A conviction for driving while intoxicated can become part of an individual’s permanent record, with potentially severe consequences. In fact, even an arrest for driving while intoxicated might influence an individual’s treatment in the event of subsequent criminal offenses.
Take the case of a driver who allegedly caused a drunk driving accident at 3 a.m. on a recent early morning. The alcohol-related crash occurred in a different state. However, the 27-year-old driver had a previous DWI arrest, arising from an incident in Texas.
A Houston DWI defense lawyer might caution that an arrest is different than a conviction. Whereas multiple DWI offenses may result in more severe penalties — such as higher fines, longer prison sentences and license suspension or revocation — the same may not be true of an arrest that hasn’t yet gone to trial.
In addition, a recent editorial raised the issue of potential immigration consequences arising from a DWI arrest. Under current immigration law, deportation proceedings might be initiated against an individual arrested for an offense without a valid visa or residency.
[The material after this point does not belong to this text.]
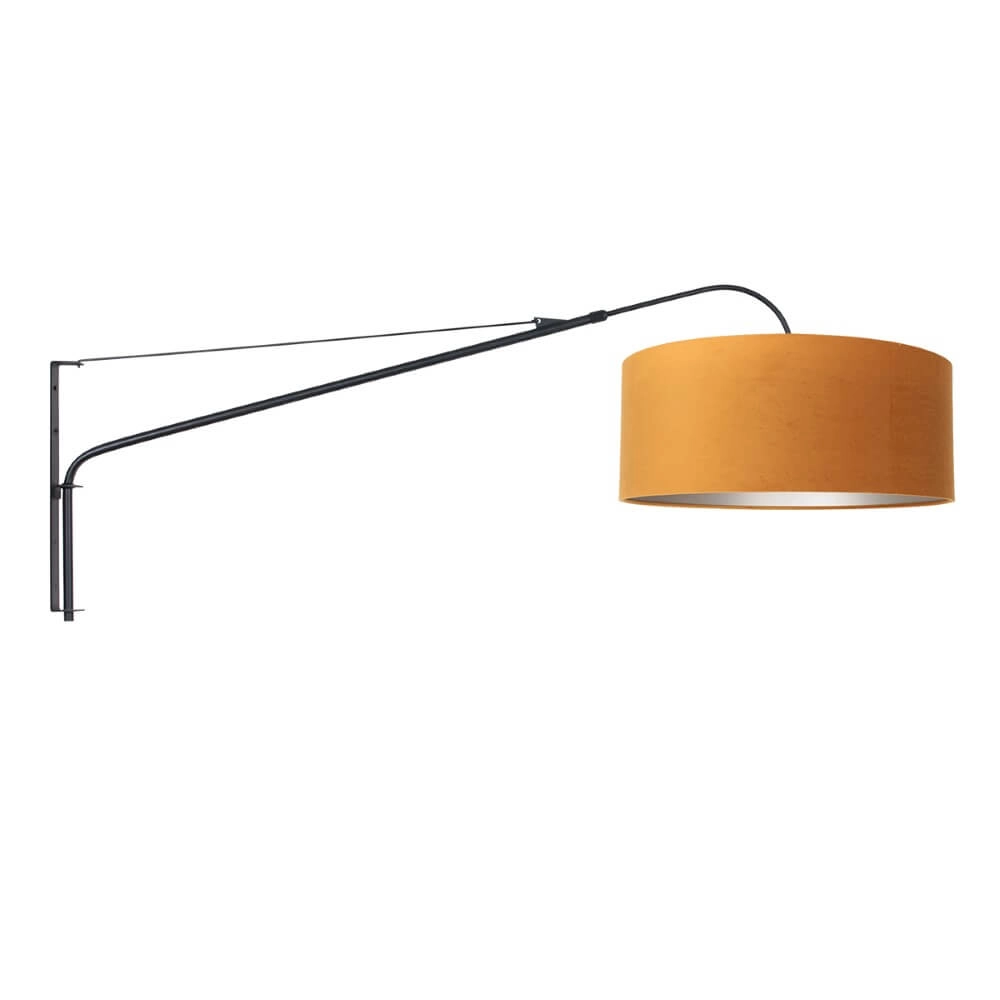 Schwarze Wandlampe Elegant Classy mit goldenem Samt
In this case, the alleged DWI accident claimed the lives of both the driver and one passenger in the vehicle struck by the 27-year-old, and left a second passenger with injuries. If alcohol testing reveals that the driver’s blood alcohol limit was over the legal limit, he may be facing felony DWI charges because of the fatal injuries connected to the incident. Under Texas law, that offense is called intoxication manslaughter. In addition, the man’s previous DWI incident may also elevate his potential sentencing.